Given information |
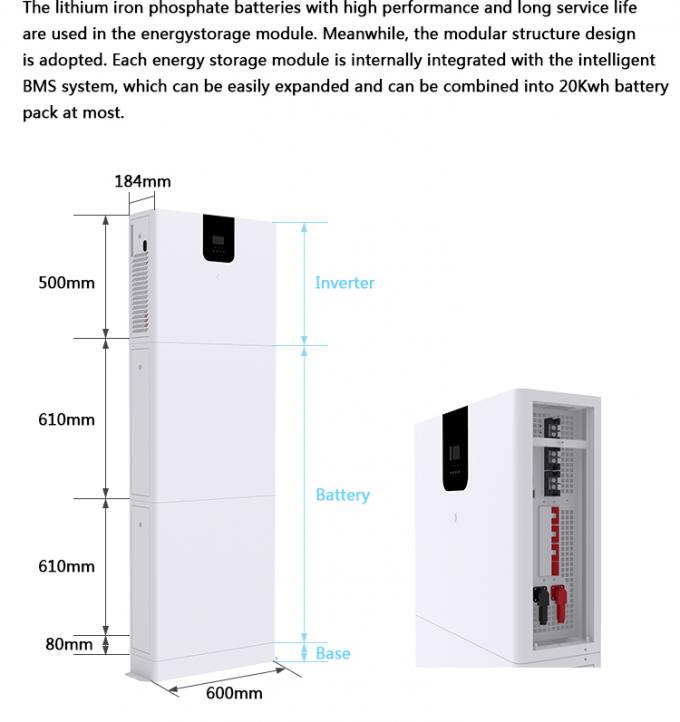 Semua dalam Satu Sistem Penyimpanan Energi Penyimpanan Baterai Surya Untuk Rumah 0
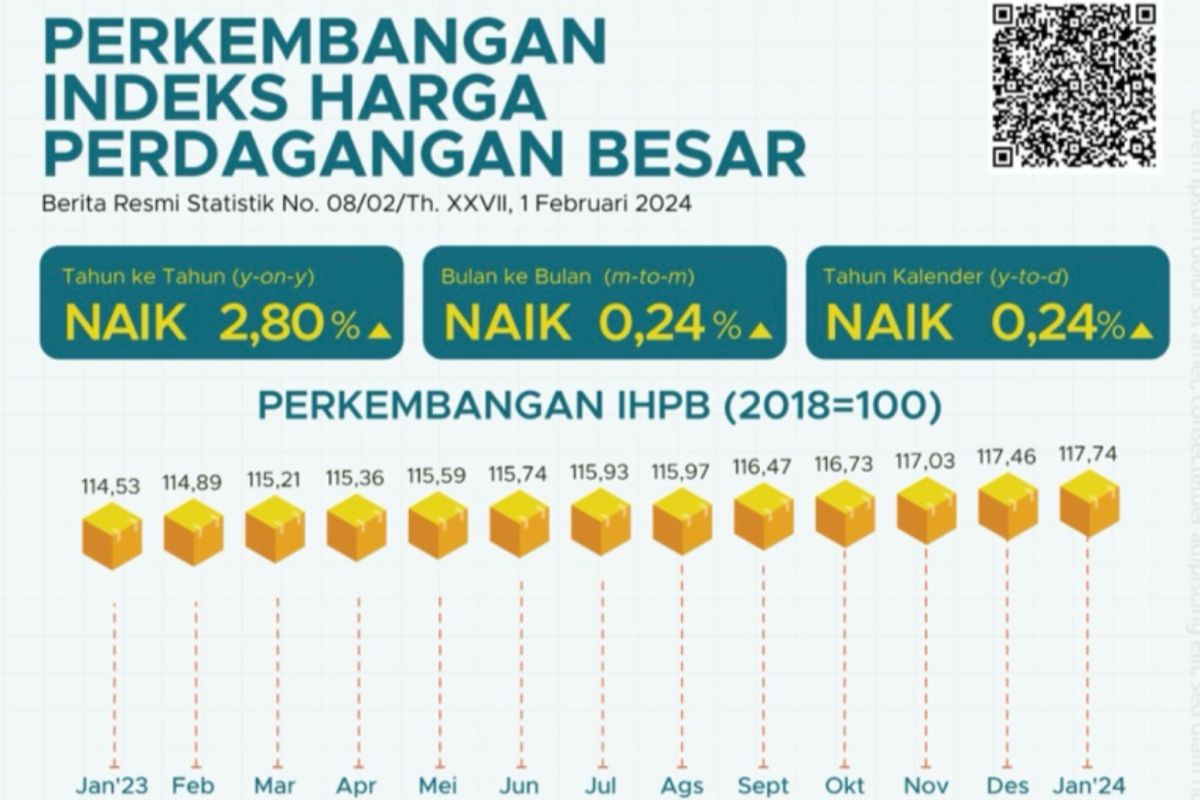 Kenaikan IHPB pada Januari 2024 dipengaruhi sektor pertanian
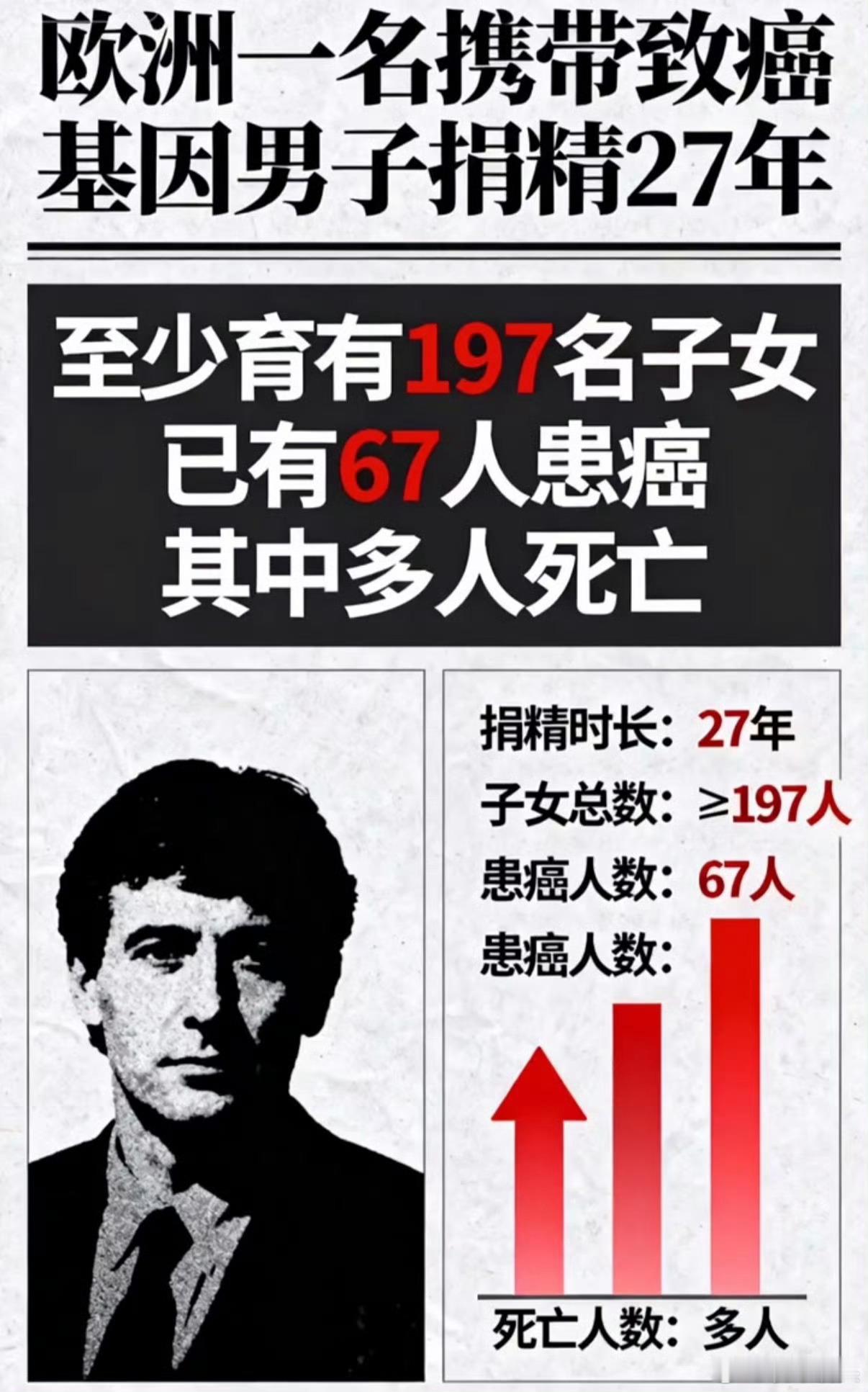 致癌精子生197个孩子部分已离世这东西应该坑不了穷人。之前不是有一个去父留子的歪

Assignment | Every line of the data should be copied as it stands, without the images.

Answer to this task |
 Semua dalam Satu Sistem Penyimpanan Energi Penyimpanan Baterai Surya Untuk Rumah 0
 Kenaikan IHPB pada Januari 2024 dipengaruhi sektor pertanian
 致癌精子生197个孩子部分已离世这东西应该坑不了穷人。之前不是有一个去父留子的歪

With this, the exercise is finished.